For the past couple of months I’ve been carefully tending a small patch of ground by the east wing door. It was obviously a gravel car park when this place was a pizza restaurant, and the quality of the ground hasn’t changed much since. Stones, rocks, small odd shaped pieces of glass that turn out to be sections of bottles from the 1820s (well, this is an old pub after all) and even some old colonial era coins. However, I’ve dug it, mulched it, raked it, and a couple of months back I had a semi pristine flowerbed.
Back in blighty if you want vivid expansive acres of wildflowers, the classic process is to sow seed trays with flower seeds and raise them from scratch, however, here’s a curious thing. You can’t buy seed trays in Australia. I must have visited every garden centre known to man, and all of them shake their head. Not in Australia... it’s so warm, you just plant your seeds straight in the ground.
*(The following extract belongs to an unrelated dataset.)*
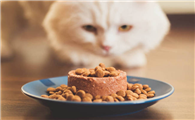 猫罐头用什么容器喂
So, that’s what I’ve done.
I’ve spent the best part of two months carefully tending this most delicate of gardens, watering the delicate seedlings, and raising them until, after eight weeks, some were a good six inches high. And I did have a vast array of swan River Daisies, Marigolds, Nasturtiums, Flox, and Poppies. Except when I got home this evening, the cupboard was bare. For those of us blessed with the gift of sight, it was woeful to behold. The scorched earth had little left, except that is for my remaining line of sunflowers. But that’s about it.
What could cause such devastation? Slugs? Snails? Some weird Australian aphid? Killer locusts? Nope... The phantom gardener had struck.
“What about my seedlings?” “There were none – just a few weeds” “They were wildflowers” “Exactly – just weeds. Plants in the wrong place” “I think you’ll find I was planting them in exactly the right plants – just not necessarily in the right order.”
Someone's going to hang from the yardstick for this.